Asia Times is initiating a near-daily Ukraine war situation report based on multiple military and think tank sources. It’s our unvarnished bid to cut through the propaganda and misinformation of all sides that contribute to the fog of war.
Russian forces that entered Severodonetsk in the Donbass on May 30 now control most of the city. Ukrainian defenders backing out of the city have yet to decide on whether or when to drop the three bridges across the Donets River to the twin city of Lysychansk to the West.
In the south, Ukrainian forces continue operations east of the Inhulets river, north-east of Kherson where Russian forces have built fortified positions and are continuing artillery fire (MLRS) in direction of Mikolaiv, the so-called “shield of Odessa.”
As in previous days, there was no ground movement reported in the northeast around Kharkiv but incessant Russian artillery shelling was reported.
A US military source in Washington, DC, reports growing concern over Ukrainian casualties as recruits are given two weeks of training and incur a very high casualty rate estimated at 65%.

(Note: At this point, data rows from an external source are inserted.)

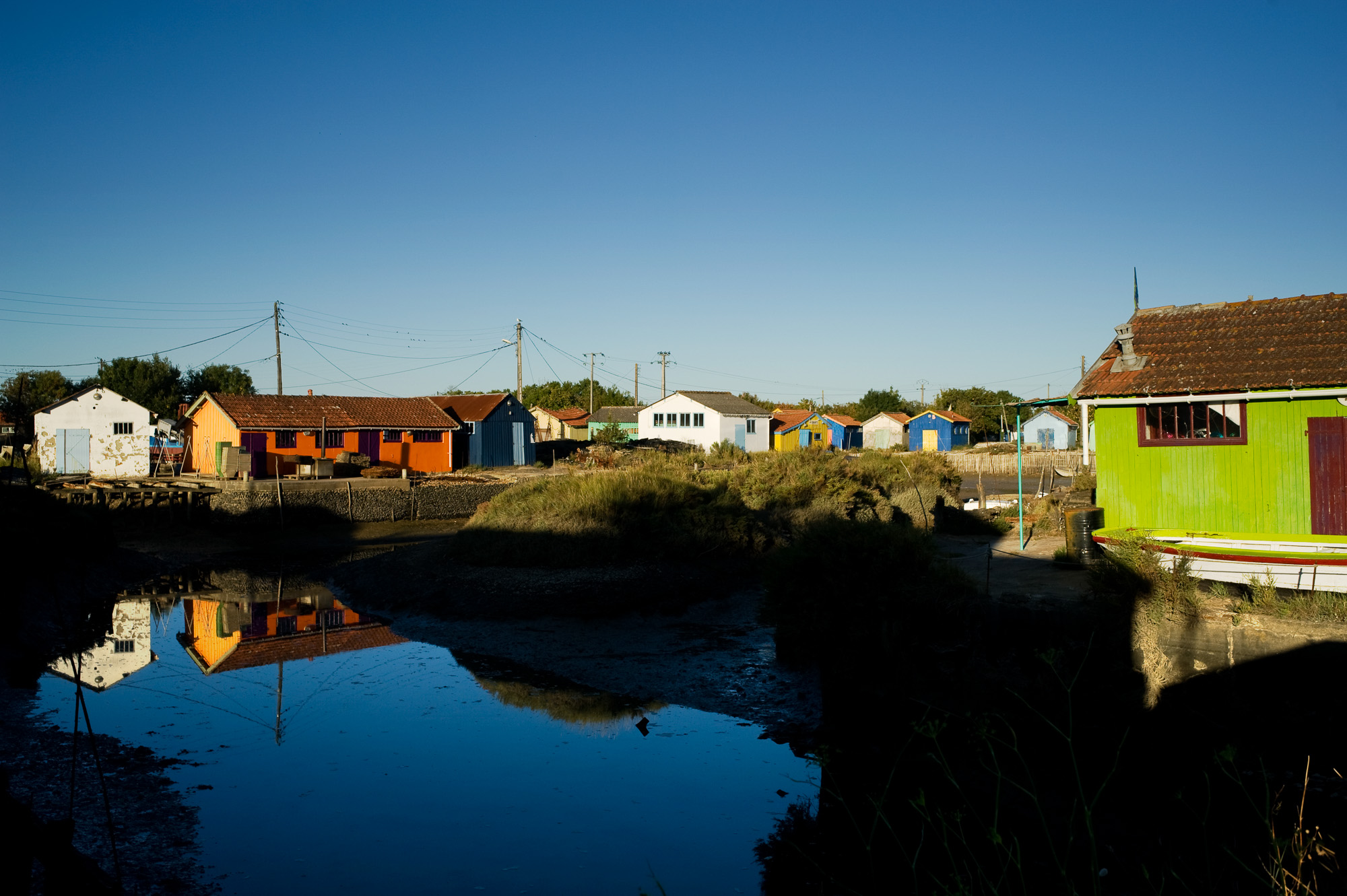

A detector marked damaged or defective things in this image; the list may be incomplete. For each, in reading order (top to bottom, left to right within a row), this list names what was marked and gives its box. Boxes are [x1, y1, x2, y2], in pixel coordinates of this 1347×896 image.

white wall with peeling paint [36, 387, 154, 479]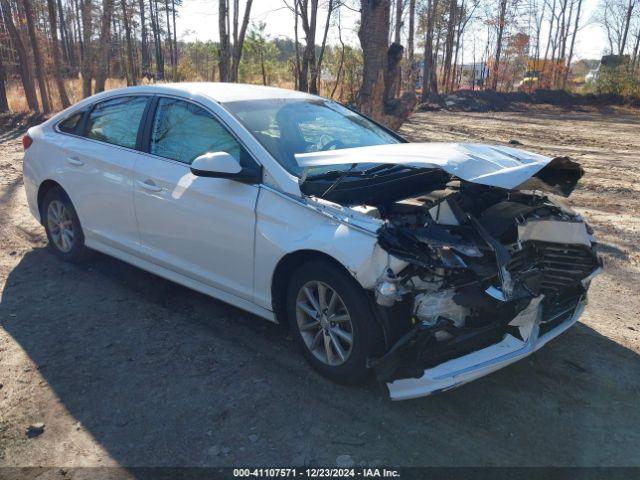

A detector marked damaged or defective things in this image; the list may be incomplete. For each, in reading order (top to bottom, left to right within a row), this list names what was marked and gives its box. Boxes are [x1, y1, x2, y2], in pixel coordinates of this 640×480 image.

crumpled hood [296, 142, 580, 192]
damaged front end [298, 143, 604, 402]
detached bumper piece [376, 292, 584, 402]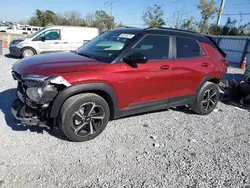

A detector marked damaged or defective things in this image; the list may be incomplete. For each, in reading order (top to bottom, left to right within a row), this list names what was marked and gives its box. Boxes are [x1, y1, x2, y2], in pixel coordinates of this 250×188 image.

crumpled hood [12, 51, 105, 75]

Russian news agency TASS reports that a Russian Navy task force, comprising six amphibious assault ships of Russia’s Northern and Baltic fleets and six amphibious assault ships of the Russian Black Sea fleet, is ready to perform combat tasks in the Black Sea. (US sources have forecast a Russian attack on Odessa by July).
To date, the US Defense Department has announced it will ship four High Mobility Artillery Rocket Systems (HIMARS) for training purposes. Germany has announced four MARS2 systems and two IRIS-T-SLM advanced air defense systems to be paired with the MLRS systems.
Center and East
Severodonetsk is mostly destroyed; fighting is block by block. The Ukrainians are backing out of the city. Russian forces south of Severodonetsk, on the west side of the Donets River, are pushing north. Ukrainian forces need to decide whether to attempt to hold or back across the river, drop the bridges and face attack only from the south rather than from the east and the south.
Russian forces continue to push west out of Popasna in the direction of Bakhmut in the apparent attempt of linking up with forces pushing south out of Lyman toward Siversk. Detailed “Israeli-style” tactical moves are described in the attached video by the Austrian Military Academy Research Department.
If and when the Lyman – Popasna gap closes, US sources estimate that 10,000 – 15,000 Ukrainian troops will be trapped.
Ukrainian forces continued operations north-east of Kherson and Russian forces, attempting to contain the Ukrainian operation on the east bank of the Inhulets, have dropped several bridges across the river.
At present, it’s unknown whether this has cornered any Ukrainian forces on the east side of the river. Russian forces across the southern area of operations continue to build defensive positions and dig in and are laying heavy artillery fire in the direction of Mikolaiv, according to the UGS June 3 morning report.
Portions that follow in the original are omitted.